Data records
--------

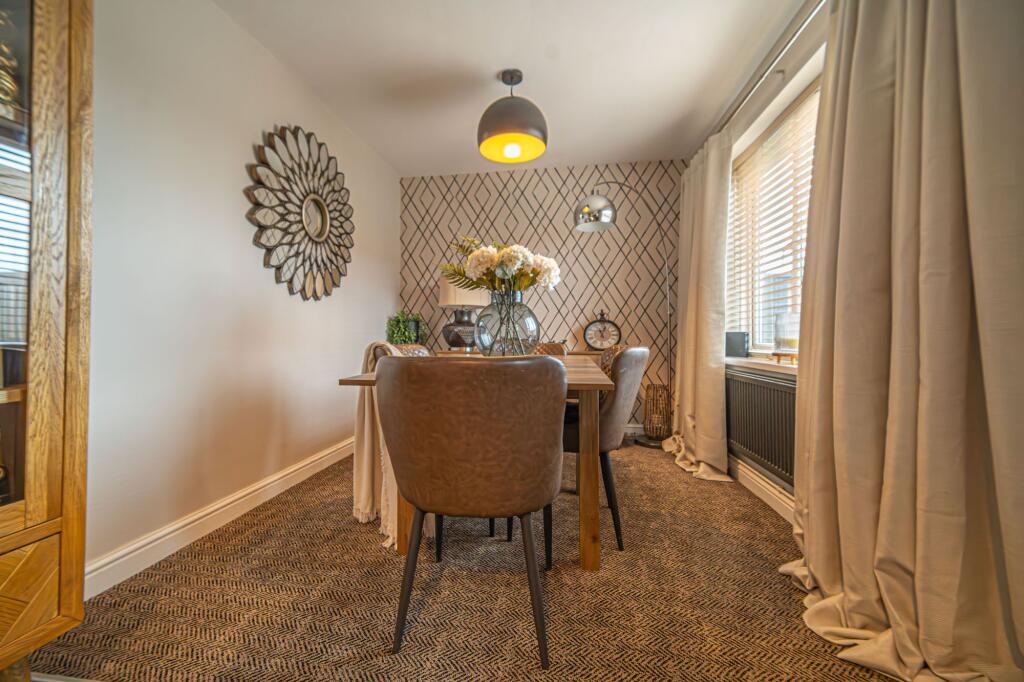 Kitchen/Dinning Room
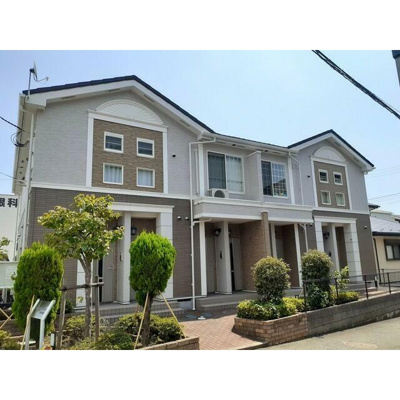 【外観】 | アルコバレーノ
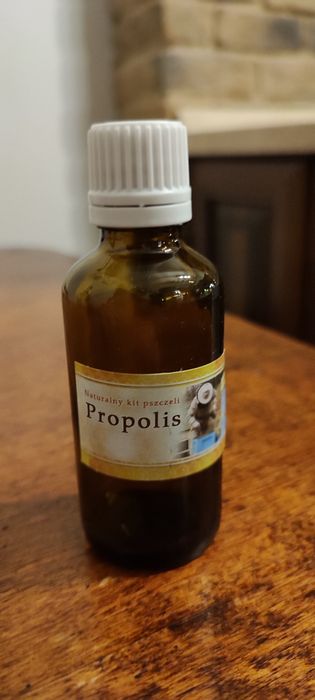 Propolis 50 ml 20%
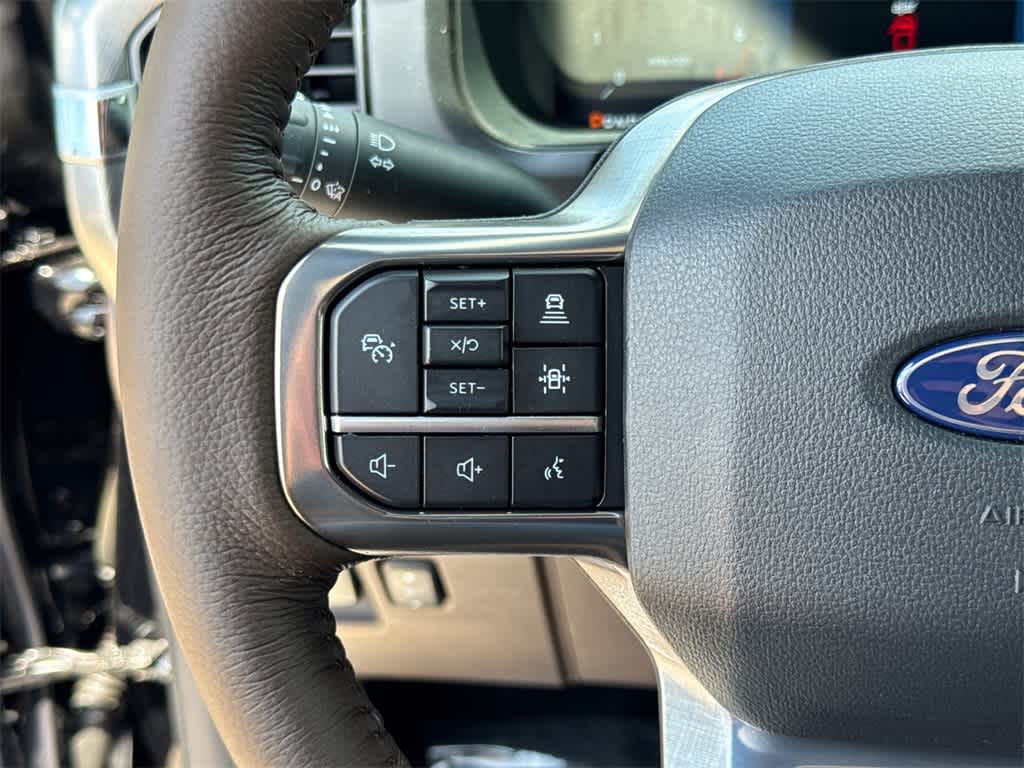 Thumbnail: 2025 Ford F-150 - 24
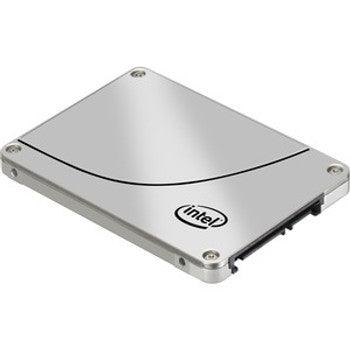 Intel - SSDSC2BB240G601-RF - DC S3510 Series 240GB MLC SATA 6Gbps 2.5-inch Internal Solid State Drive (SSD)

--------

Exercise prompt
Everything in the entries above must be output again exactly, except the pictures.

Completed exercise
 Kitchen/Dinning Room
 【外観】 | アルコバレーノ
 Propolis 50 ml 20%
 Thumbnail: 2025 Ford F-150 - 24
 Intel - SSDSC2BB240G601-RF - DC S3510 Series 240GB MLC SATA 6Gbps 2.5-inch Internal Solid State Drive (SSD)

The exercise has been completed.